By Frédéric Simon and Kira Taylor
(EurActiv) — A draft European Commission proposal to overhaul the EU gas market introduces new rights for consumers to choose their supplier but stops short of setting the targets demanded by industry to ramp up the consumption of renewable and low-carbon gases.
The leaked package, obtained by EURACTIV, consists of a directive setting out EU-wide rules for the internal market in natural gas and regulation on access to gas transmission networks.
The proposal, which is still subject to change before its presentation on 14 December, aims to steer the market towards low-carbon and renewable alternatives to fossil gas which needs to be phased out by 2050 to reach the EU’s climate neutrality goal.
“The European Green Deal puts the EU on a path to climate neutrality by 2050, which requires significantly higher shares of renewable energy sources in an integrated energy system,” says a cost-benefit analysis of the proposal prepared by the European Commission.
“While the share of natural gas will decrease progressively, biomethane, synthetic methane and hydrogen are expected to become more relevant,” the document adds.
However, the Commission says those alternatives are not yet available at scale and face regulatory barriers that impede their deployment and trade across EU borders. The document adds that consumers also do not have “the necessary rights and tools to choose the most cost-effective decarbonisation options in the market.”
The gas package aims to address this by introducing new rights for consumers and “creating a new framework for an internal hydrogen market to achieve a cost-efficient clean hydrogen economy”.
The need to decarbonise Europe’s gas supply has become pressing. While electricity’s share in energy demand is expected to double and reach 53% of total energy use by 2050, “gaseous fuels will continue playing an important role in the energy system” for the remainder of energy use, the Commission writes.
Therefore, a key objective of the proposal is to “facilitate the emergence of an open and competitive EU hydrogen market” and “ensure access of renewable gases” based on an EU-wide certification system to ascertain their carbon content.
“Low-carbon hydrogen”, for instance, must meet a greenhouse gas emission reduction threshold of at least 70% under the proposed directive.
“Transmission system operators shall accept cross-border flows of gases with a hydrogen content of up to 5% by volume,” according to the draft, which suggests this will come in from 1 October 2025.
Alongside this, the package proposes a new body, the “European Network of Network Operators of Hydrogen” (ENNOH), which will bring together hydrogen transport companies.
Green campaigners are sceptical about this and warned that hydrogen networks risk being overwhelmingly reliant on fossil gas for the foreseeable future. According to them, the obligation for network operators to accept up to 5% blended hydrogen into natural gas also supports fossil fuels.

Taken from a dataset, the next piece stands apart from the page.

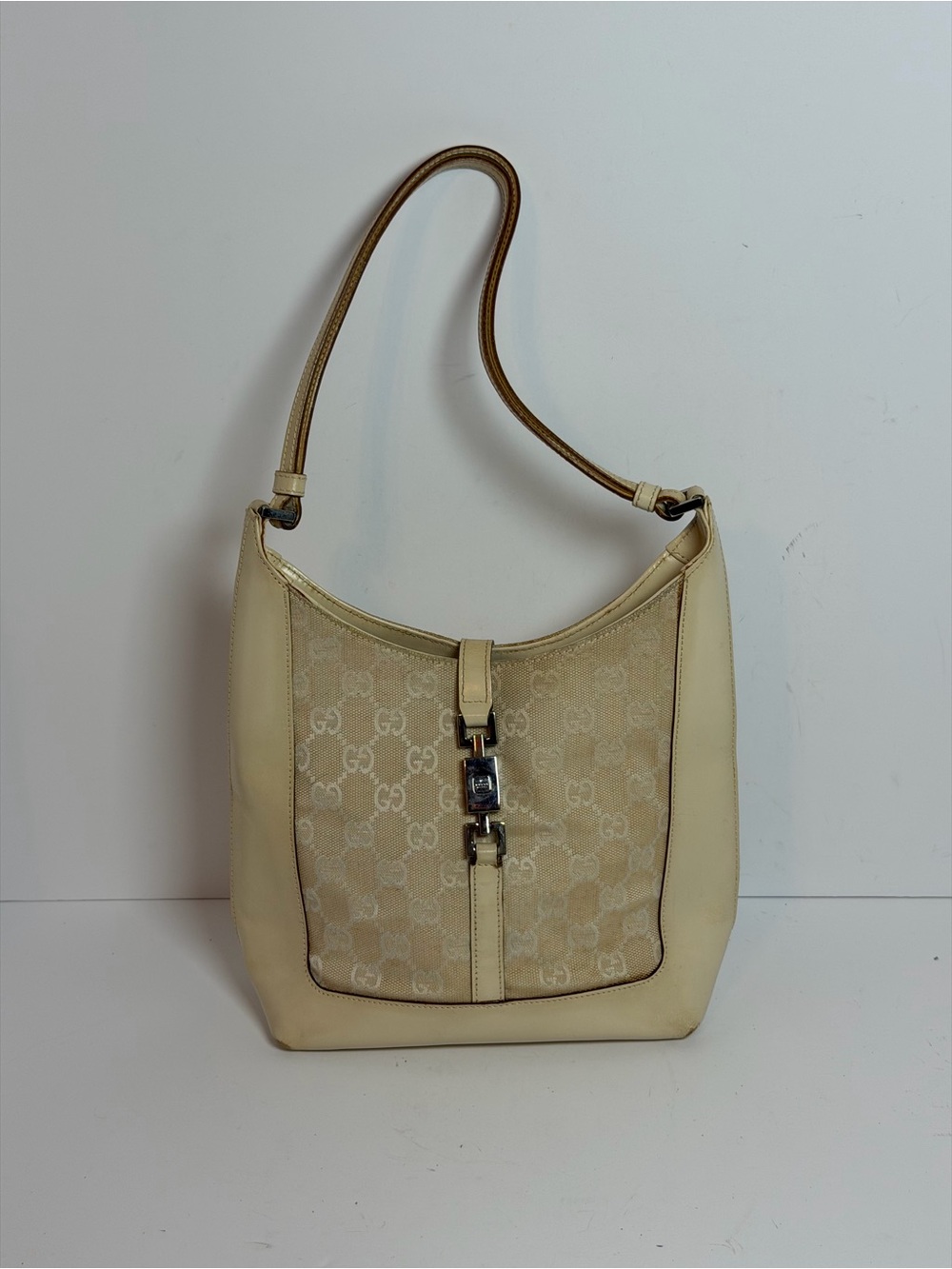 Vintage Gucci Jackie GG Cream Canvas/Leather Shoulder Bag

“This package is completely at odds with what we know is needed to manage the phase-out of fossil gas in Europe. The Commission should be focussing on protecting European consumers from dodgy greenwashing deals and bearing the cost of unnecessary hydrogen pipes,” said Tara Connolly, senior gas campaigner at NGO Global Witness.
“We sincerely hope that Commission officials will recognise just how poor these proposals are and go back to the drawing board, ahead of the official publication in December,” she added.
Under the Commission proposal, new rights for consumers will include the possibility to choose from at least two suppliers, with the possibility of having separate contracts for natural gas or hydrogen at the same time.
For the first time, consumers will also be encouraged to become active participants on the market and join forces in “citizen energy communities for natural gas”, allowing them to “purchase or lease distribution networks and to autonomously manage them” thanks to smart metering systems.
With gas prices currently at an all-time high, EU countries will set gas prices for vulnerable consumers based on a common EU-wide definition of energy poverty.
Governments will also be encouraged to cooperate more closely to facilitate the emergence of regional markets across EU borders.
No targets for industry
Yet, industry players will be disappointed that the draft proposal does not introduce targets for the production or consumption of renewable and low-carbon gases – a move they say is needed to accelerate change in the sector and ensure sufficient volumes of decarbonised gases are available to consumers.
James Watson, secretary-general of trade association Eurogas, says the need to decarbonise gas “is recognised beyond the gas industry” among energy users in the mobility, power generation and buildings sectors.
“With 15 other associations spanning these areas, we have been calling for binding EU targets to reduce the GHG intensity of gas consumed by 20% and increase renewable gas supply to 11% by 2030,” Watson said.
These targets “also need to be supported by measures for a tradable market, including Guarantees of Origins, also for low carbon gases,” he said.
Green lawmakers also expressed disappointment.
“This gas package of the EU Commission is a ‘carry on’ with the previous energy policy. With this proposal, the Commission is pandering to the interests of the gas lobby instead of finally committing to a clear path out of fossil energies,” Green MEP Michael Bloss told EURACTIV.
“This will secure the business model of the gas giants, but the loser in this game will remain the climate. In the end, our dependence on gas will cost us all dearly because we are currently experiencing the risk of a gas shortage at first hand with regard to the exploding energy costs,” he added.